## Data records
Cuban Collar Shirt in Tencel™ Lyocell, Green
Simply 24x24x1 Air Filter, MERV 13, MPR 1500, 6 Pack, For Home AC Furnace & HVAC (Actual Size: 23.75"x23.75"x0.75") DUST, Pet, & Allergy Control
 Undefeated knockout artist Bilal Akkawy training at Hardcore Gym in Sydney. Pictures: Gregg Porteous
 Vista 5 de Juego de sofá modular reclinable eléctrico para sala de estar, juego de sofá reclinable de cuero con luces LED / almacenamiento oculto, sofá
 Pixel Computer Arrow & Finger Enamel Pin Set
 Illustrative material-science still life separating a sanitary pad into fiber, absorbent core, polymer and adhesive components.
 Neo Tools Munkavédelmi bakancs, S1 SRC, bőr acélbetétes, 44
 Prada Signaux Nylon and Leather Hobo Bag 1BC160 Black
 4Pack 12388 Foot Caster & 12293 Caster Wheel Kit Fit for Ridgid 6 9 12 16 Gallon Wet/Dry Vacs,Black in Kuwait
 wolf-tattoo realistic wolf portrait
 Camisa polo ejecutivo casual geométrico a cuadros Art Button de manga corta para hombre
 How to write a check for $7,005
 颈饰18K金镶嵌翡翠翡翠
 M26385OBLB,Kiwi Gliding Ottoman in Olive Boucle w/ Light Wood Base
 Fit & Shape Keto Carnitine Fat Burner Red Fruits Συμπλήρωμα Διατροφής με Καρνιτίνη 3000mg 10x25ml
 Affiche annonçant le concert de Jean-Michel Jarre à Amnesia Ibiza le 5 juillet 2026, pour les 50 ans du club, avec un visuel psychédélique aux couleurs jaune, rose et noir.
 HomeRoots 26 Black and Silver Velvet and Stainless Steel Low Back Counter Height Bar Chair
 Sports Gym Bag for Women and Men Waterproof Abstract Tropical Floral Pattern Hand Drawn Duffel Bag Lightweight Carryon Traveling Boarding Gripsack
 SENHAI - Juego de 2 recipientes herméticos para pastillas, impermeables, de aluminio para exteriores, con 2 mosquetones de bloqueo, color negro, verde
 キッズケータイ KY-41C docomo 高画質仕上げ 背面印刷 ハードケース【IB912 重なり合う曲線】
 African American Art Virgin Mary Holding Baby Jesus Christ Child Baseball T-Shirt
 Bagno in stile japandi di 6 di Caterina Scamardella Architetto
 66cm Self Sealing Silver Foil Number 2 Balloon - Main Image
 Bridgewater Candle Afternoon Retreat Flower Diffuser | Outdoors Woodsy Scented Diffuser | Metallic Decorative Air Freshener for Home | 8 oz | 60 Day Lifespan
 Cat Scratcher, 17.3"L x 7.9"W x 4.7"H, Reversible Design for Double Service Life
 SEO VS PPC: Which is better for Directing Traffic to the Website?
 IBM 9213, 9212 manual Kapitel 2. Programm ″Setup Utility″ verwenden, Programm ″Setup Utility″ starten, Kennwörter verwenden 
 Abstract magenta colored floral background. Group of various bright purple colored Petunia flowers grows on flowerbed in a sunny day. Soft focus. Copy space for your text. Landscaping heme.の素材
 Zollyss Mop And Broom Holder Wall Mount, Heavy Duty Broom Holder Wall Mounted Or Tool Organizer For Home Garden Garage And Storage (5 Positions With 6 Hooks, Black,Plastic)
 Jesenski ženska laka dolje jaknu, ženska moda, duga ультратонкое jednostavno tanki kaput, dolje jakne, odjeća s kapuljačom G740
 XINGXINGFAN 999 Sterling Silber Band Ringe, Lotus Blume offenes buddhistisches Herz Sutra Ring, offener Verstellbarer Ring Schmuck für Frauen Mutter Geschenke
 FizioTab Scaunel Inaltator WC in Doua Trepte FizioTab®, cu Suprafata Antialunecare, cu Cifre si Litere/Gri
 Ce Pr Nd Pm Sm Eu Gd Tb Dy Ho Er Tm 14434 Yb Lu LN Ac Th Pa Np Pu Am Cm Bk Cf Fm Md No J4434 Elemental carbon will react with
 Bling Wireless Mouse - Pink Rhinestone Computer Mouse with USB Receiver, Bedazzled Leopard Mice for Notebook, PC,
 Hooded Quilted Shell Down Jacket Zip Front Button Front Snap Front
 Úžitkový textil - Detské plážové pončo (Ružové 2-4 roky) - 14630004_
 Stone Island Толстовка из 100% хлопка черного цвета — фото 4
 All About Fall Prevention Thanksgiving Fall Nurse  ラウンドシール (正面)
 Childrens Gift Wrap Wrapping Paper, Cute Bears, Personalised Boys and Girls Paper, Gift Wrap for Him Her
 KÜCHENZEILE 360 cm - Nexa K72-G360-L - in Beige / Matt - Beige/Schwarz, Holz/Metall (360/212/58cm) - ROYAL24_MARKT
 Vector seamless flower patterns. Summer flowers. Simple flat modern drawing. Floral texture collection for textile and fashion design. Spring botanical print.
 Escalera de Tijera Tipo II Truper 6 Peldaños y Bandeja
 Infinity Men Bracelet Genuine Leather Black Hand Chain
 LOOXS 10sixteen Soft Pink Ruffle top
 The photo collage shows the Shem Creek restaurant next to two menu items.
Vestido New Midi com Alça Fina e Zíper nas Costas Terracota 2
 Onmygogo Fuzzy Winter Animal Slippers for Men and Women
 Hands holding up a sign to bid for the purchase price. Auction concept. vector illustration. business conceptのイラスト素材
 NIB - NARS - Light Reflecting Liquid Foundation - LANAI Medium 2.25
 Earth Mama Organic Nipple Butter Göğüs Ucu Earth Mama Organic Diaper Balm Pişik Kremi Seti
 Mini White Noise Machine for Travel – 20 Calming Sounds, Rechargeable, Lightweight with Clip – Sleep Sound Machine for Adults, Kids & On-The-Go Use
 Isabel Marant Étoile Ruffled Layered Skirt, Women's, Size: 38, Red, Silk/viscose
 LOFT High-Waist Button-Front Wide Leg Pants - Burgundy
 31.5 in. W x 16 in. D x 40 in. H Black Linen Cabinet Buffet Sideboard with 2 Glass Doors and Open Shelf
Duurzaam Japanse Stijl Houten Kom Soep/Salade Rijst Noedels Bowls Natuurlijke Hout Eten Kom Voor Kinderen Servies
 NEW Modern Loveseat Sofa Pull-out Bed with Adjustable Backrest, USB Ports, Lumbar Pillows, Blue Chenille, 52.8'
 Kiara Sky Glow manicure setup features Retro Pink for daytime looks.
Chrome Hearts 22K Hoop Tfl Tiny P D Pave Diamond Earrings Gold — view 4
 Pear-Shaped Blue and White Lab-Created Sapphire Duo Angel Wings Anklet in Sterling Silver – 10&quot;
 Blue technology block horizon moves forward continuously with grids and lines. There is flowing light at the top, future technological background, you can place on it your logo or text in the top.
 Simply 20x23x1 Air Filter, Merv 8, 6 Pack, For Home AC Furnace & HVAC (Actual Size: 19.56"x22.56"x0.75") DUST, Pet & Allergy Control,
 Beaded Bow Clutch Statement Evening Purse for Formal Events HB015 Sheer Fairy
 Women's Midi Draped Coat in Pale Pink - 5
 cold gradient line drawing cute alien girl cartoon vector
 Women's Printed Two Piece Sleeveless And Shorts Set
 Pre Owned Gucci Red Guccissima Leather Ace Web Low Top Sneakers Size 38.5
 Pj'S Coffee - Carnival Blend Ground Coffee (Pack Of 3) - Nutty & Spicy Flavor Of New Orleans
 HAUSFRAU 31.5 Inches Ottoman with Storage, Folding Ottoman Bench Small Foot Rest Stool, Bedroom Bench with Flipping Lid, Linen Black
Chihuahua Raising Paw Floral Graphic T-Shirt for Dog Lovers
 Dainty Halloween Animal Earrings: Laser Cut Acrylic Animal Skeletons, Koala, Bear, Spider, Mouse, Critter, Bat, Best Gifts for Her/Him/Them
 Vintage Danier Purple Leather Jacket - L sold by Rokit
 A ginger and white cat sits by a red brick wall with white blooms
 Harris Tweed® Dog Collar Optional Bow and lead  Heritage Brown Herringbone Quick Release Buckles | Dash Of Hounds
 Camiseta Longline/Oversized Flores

## Aim of the exercise
Within the data above, the span starting at the line containing "NIB - NARS - Light" and ending at the line containing "Simply 20x23x1 Air" is to be retyped exactly, with no other lines.

## Task response
 NIB - NARS - Light Reflecting Liquid Foundation - LANAI Medium 2.25
 Earth Mama Organic Nipple Butter Göğüs Ucu Earth Mama Organic Diaper Balm Pişik Kremi Seti
 Mini White Noise Machine for Travel – 20 Calming Sounds, Rechargeable, Lightweight with Clip – Sleep Sound Machine for Adults, Kids & On-The-Go Use
 Isabel Marant Étoile Ruffled Layered Skirt, Women's, Size: 38, Red, Silk/viscose
 LOFT High-Waist Button-Front Wide Leg Pants - Burgundy
 31.5 in. W x 16 in. D x 40 in. H Black Linen Cabinet Buffet Sideboard with 2 Glass Doors and Open Shelf
Duurzaam Japanse Stijl Houten Kom Soep/Salade Rijst Noedels Bowls Natuurlijke Hout Eten Kom Voor Kinderen Servies
 NEW Modern Loveseat Sofa Pull-out Bed with Adjustable Backrest, USB Ports, Lumbar Pillows, Blue Chenille, 52.8'
 Kiara Sky Glow manicure setup features Retro Pink for daytime looks.
Chrome Hearts 22K Hoop Tfl Tiny P D Pave Diamond Earrings Gold — view 4
 Pear-Shaped Blue and White Lab-Created Sapphire Duo Angel Wings Anklet in Sterling Silver – 10&quot;
 Blue technology block horizon moves forward continuously with grids and lines. There is flowing light at the top, future technological background, you can place on it your logo or text in the top.
 Simply 20x23x1 Air Filter, Merv 8, 6 Pack, For Home AC Furnace & HVAC (Actual Size: 19.56"x22.56"x0.75") DUST, Pet & Allergy Control,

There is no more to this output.